Is AI really a shortcut to good marketing?
Does anyone still feel a little bit naughty when they use AI to help them with their work? Well, you shouldn’t! It’s not cheating. I use AI tools all the time. Most senior marketers do. They save me time, refine and even challenge my thinking and help me produce more work, quicker.
But how much does AI move the dial on quality?
A 2025 survey by McKinsey on AI, found that only 27% of organisations using generative AI have someone check all AI-produced content before it is used. A similar percentage check 20% or fewer outputs before they go out the door.
In other words, most businesses are publishing or sharing AI-generated work without anyone experienced enough to know whether it’s actually good checking it.
This is the problem with relying on AI. What it produces is only ever as good as what you put in and what you're capable of judging.
In order to write a prompt that gets genuinely useful output, you need to know what good looks like. You need to understand an audience, the market and the company nuances that you’re working within, the brand, the competitive position etc. You also need to really understand what the business is trying to achieve and what will or won’t work. All that takes years of experience and know-how.
And then when reviewing output, it can’t be just a quick read through. You need to know if the information is correct, if its on brand, if it will land well with a CFO or CEO or if a client will find it engaging. You need to feel comfortable that you can put your name to it.
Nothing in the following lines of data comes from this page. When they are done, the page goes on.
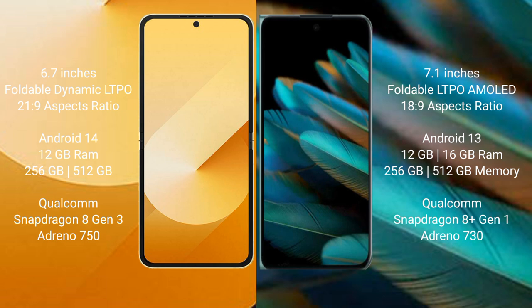Samsung Galaxy Z Flip 6 runs on the Android 14 operating system. Oppo Find N2 runs on the Android 13 operating system.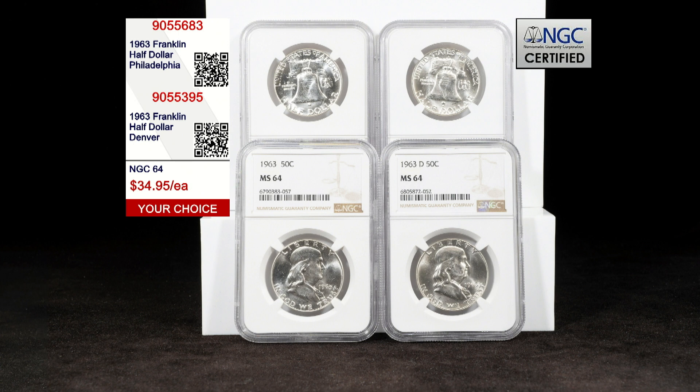In this grade or better today with NGC, there is less than one tenth of a single percent of the entire mintage for either of these coins. The Philadelphia Mint issue is item number 905-5683.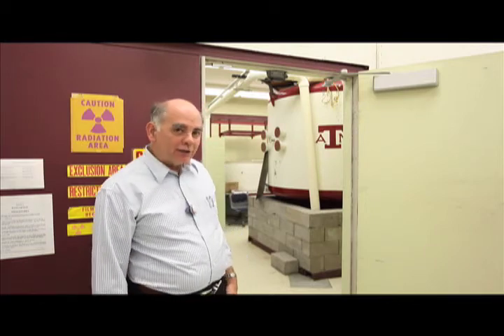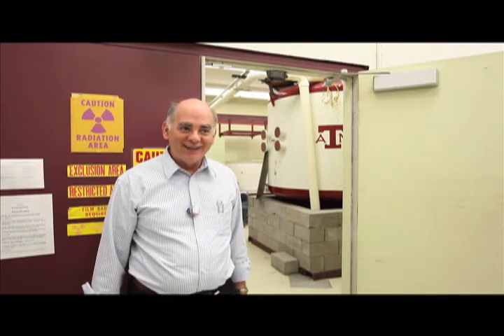Having a reactor in a building on campus kind of sounds not that safe. Well, this is probably... I guess it could fall on you, but that would be about it. Five watts is a very, very small reactor — I think it's the power in your flashlight.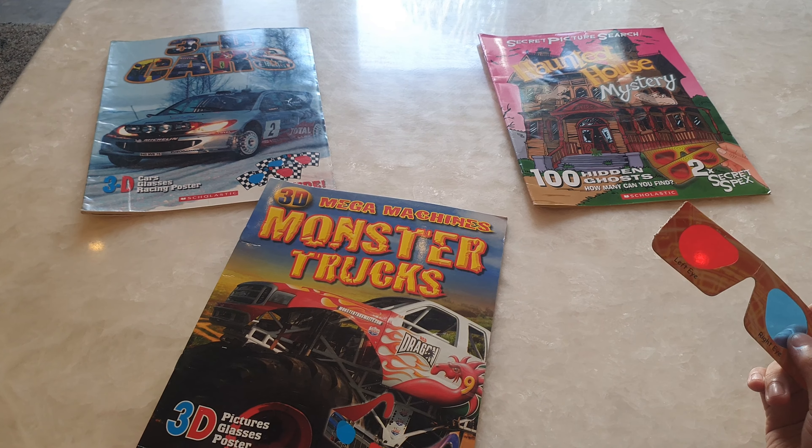My second favorite book is 3D cars — there are lots of cars in here. When I put my 3D glasses on, I see this car pop out and it looks like it's right in front of me. All of these books are like that.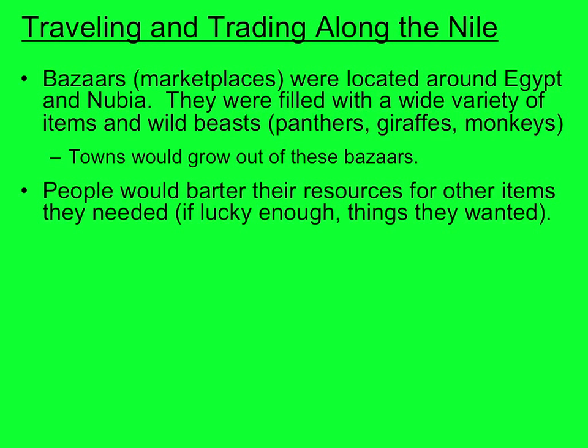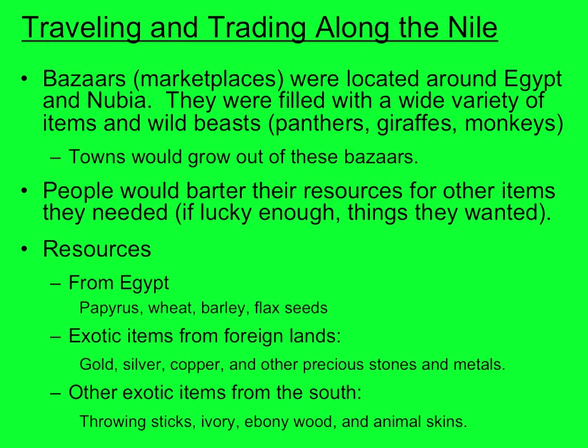People would barter or trade their resources for other items they needed, and if they were lucky, things they wanted — needed for survival, wanted for leisure. Some of the things that the Egyptians traded away, or exported, were papyrus, wheat, barley, and flax seeds.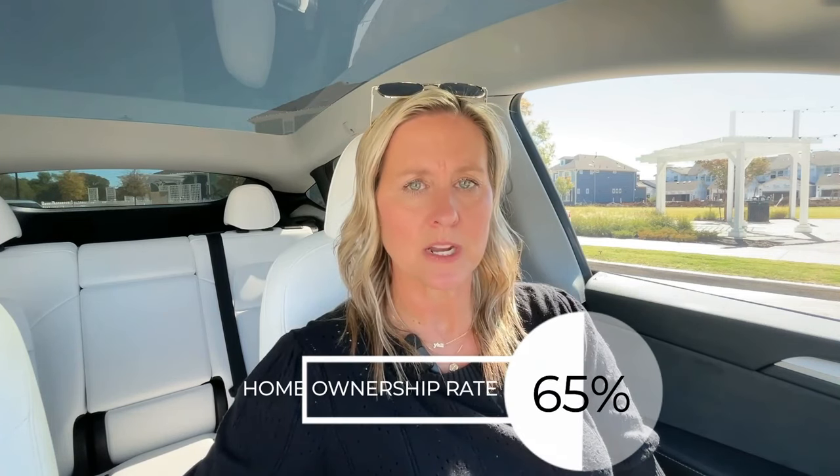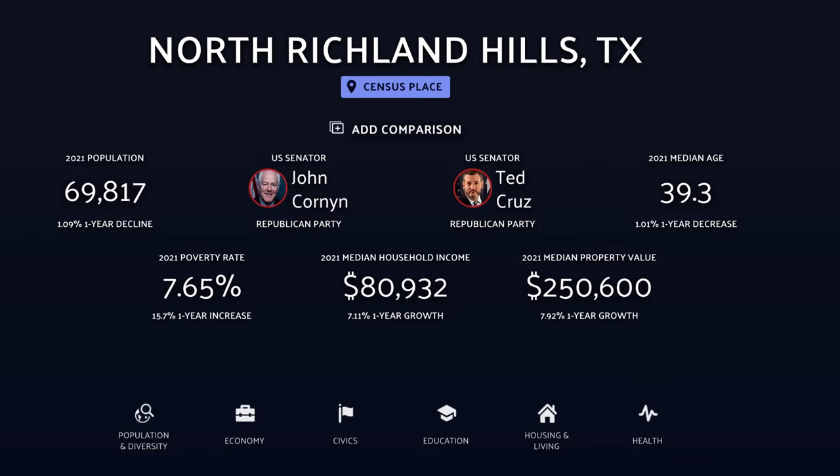In North Richland Hills, 65% of the people own their homes, but 35% actually rent. There are some older homes and smaller home options, so there does seem to be a slightly higher renter population here than in some other cities. If that's something you might be concerned about, just something to think about — rentals versus owning. But if you are looking to rent, that could also be an option worth exploring, given the location and the type of home you might be renting short term.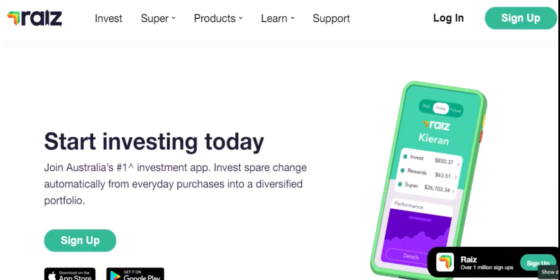What are ETFs? ETFs are basically baskets of securities, like stocks or bonds. They're a way to invest in a variety of assets without having to pick individual stocks or bonds yourself. This helps to spread out your risk.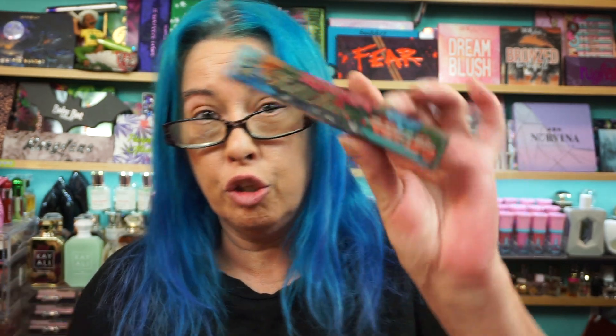A two-pack from Daily Concepts Daily Reusable Rounds — I like these, they actually work. My girlfriend Caitlin was like, 'Brenda, just try the damn things. You'll like them.' And she was right. There's also a good size sample of the Juliet Has a Gun Not a Perfume — that's been around forever. And the KVD Full Sleeve Long and Defined Tubing Mascara.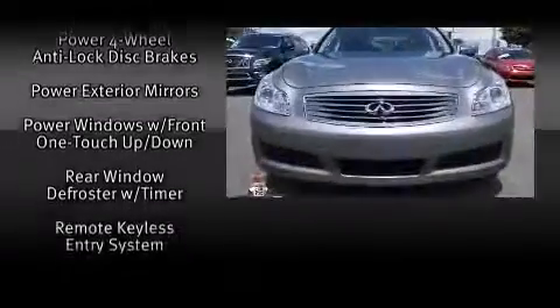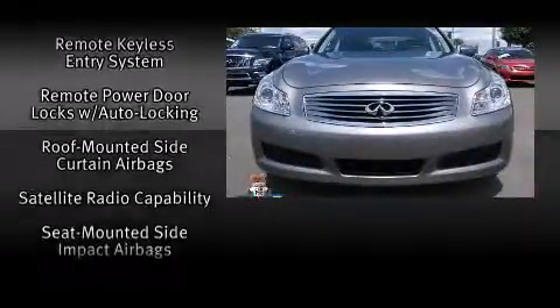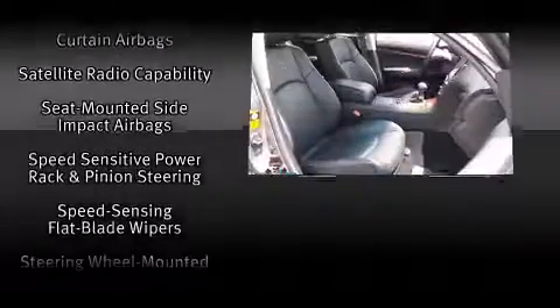Enjoy your favorite music via the stereo system, which includes a CD player with MP3 capability and six well-positioned speakers.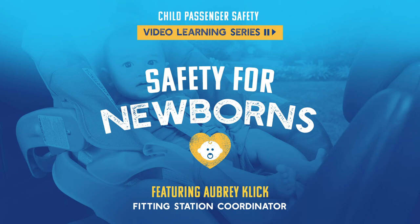Hello everyone. Thank you for joining us today for our session on child passenger safety for newborns. My name is Aubrey Click. I'm from the Delaware Office of Highway Safety, and I'm the fitting station coordinator for Kent and Sussex counties.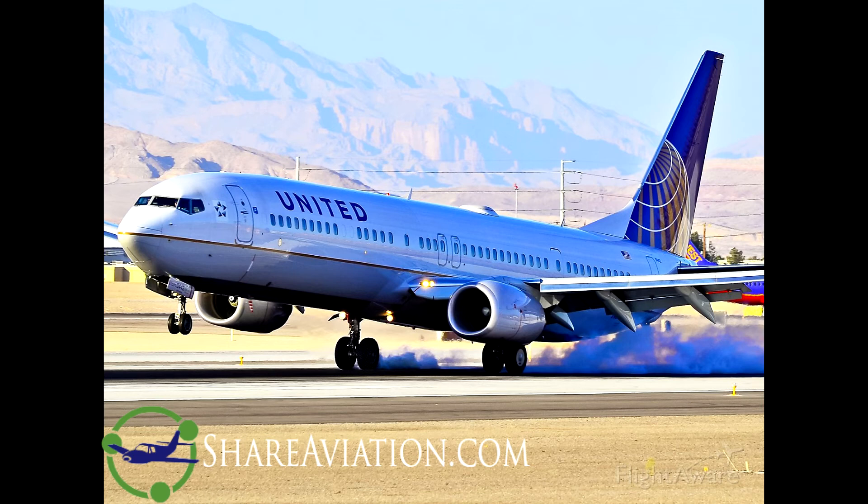United 1676, contact Tower, 127.2. Billings Tower, United 1676 with you for runway 2-8-right. United 1676, Billings Tower, runway 2-8-right, cleared to land, wind 200 at 30, gust 37. Okay, cleared to land, runway 2-8-right, United 1676.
These aren’t questions an AI tool can answer. But they are questions that experienced, commercially savvy people will instinctively know the answer to because they have sat in enough meetings, navigated the politics, made all the mistakes and have the scars to prove it!
AI can speed up execution, but it can’t replace real expertise and experience.
If you think you can do marketing using AI without expert human oversight, you’re taking a major risk.